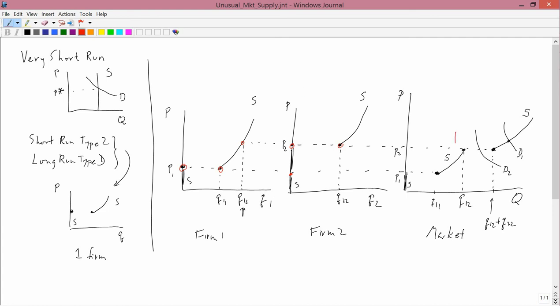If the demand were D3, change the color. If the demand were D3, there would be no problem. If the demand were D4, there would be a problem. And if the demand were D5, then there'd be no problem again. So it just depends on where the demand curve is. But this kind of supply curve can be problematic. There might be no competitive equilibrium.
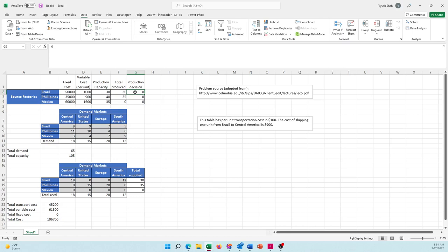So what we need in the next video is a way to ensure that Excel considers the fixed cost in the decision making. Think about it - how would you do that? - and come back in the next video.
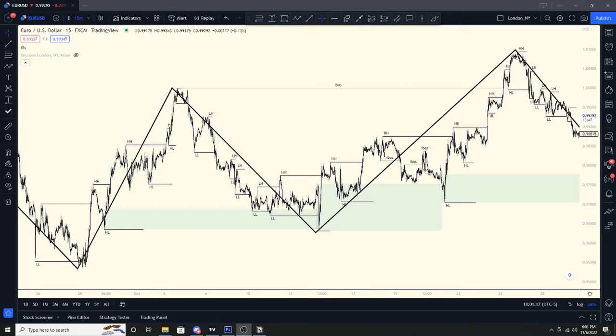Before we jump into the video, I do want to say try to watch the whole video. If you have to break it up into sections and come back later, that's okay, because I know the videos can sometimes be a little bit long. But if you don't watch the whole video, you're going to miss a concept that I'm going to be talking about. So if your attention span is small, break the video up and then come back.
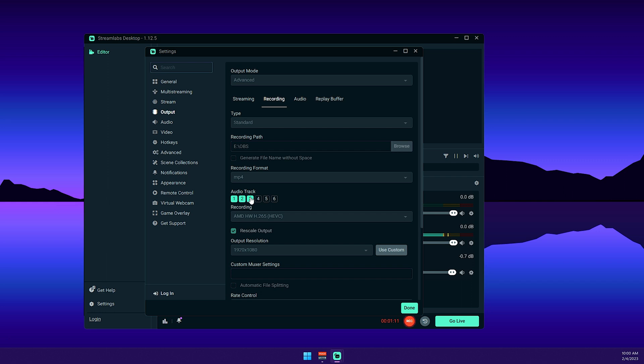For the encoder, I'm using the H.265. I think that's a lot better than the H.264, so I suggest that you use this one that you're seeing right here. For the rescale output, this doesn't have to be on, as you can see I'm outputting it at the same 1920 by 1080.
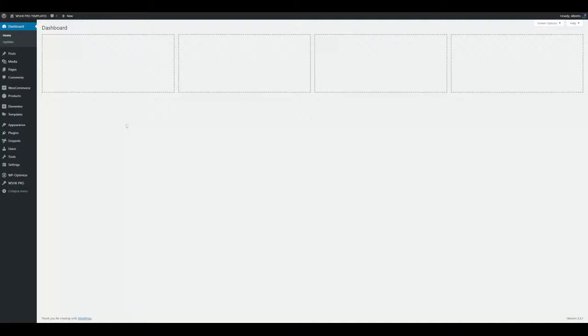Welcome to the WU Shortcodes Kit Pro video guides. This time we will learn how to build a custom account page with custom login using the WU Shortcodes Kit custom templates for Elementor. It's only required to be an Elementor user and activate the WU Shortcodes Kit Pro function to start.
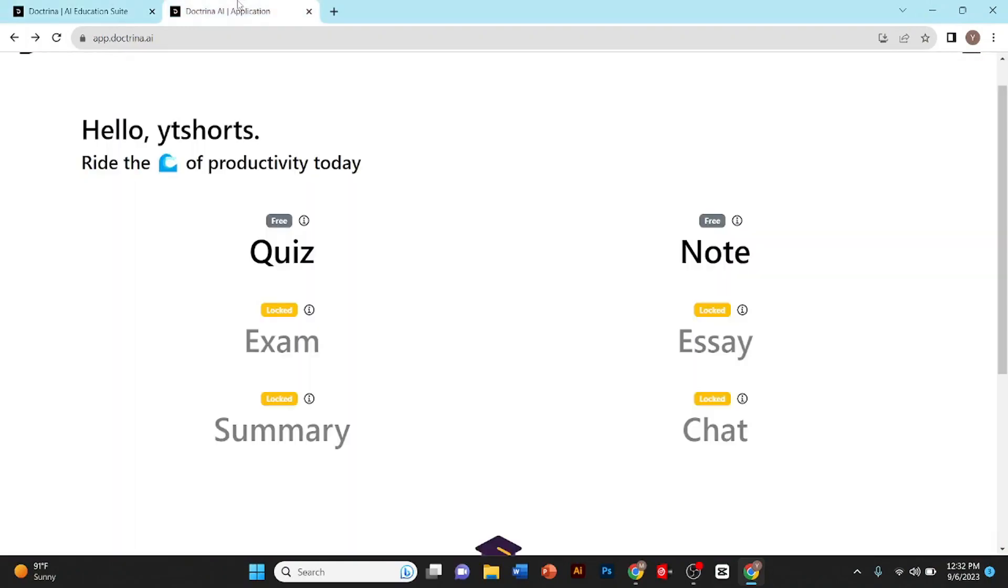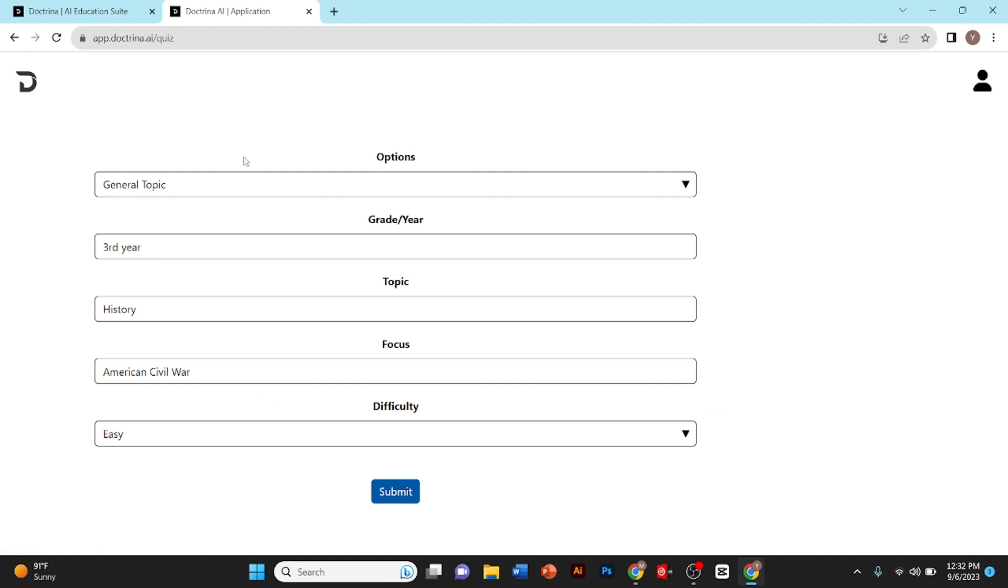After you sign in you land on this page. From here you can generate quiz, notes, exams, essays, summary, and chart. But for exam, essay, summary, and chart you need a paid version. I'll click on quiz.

- **Brief**
Output the records above character for character, but leave each image out.

- **Result of the task**
If the demand were D3, change the color. If the demand were D3, there would be no problem. If the demand were D4, there would be a problem. And if the demand were D5, then there'd be no problem again. So it just depends on where the demand curve is. But this kind of supply curve can be problematic. There might be no competitive equilibrium.
So what we need in the next video is a way to ensure that Excel considers the fixed cost in the decision making. Think about it - how would you do that? - and come back in the next video.
Before we jump into the video, I do want to say try to watch the whole video. If you have to break it up into sections and come back later, that's okay, because I know the videos can sometimes be a little bit long. But if you don't watch the whole video, you're going to miss a concept that I'm going to be talking about. So if your attention span is small, break the video up and then come back.
For the encoder, I'm using the H.265. I think that's a lot better than the H.264, so I suggest that you use this one that you're seeing right here. For the rescale output, this doesn't have to be on, as you can see I'm outputting it at the same 1920 by 1080.
Welcome to the WU Shortcodes Kit Pro video guides. This time we will learn how to build a custom account page with custom login using the WU Shortcodes Kit custom templates for Elementor. It's only required to be an Elementor user and activate the WU Shortcodes Kit Pro function to start.
After you sign in you land on this page. From here you can generate quiz, notes, exams, essays, summary, and chart. But for exam, essay, summary, and chart you need a paid version. I'll click on quiz.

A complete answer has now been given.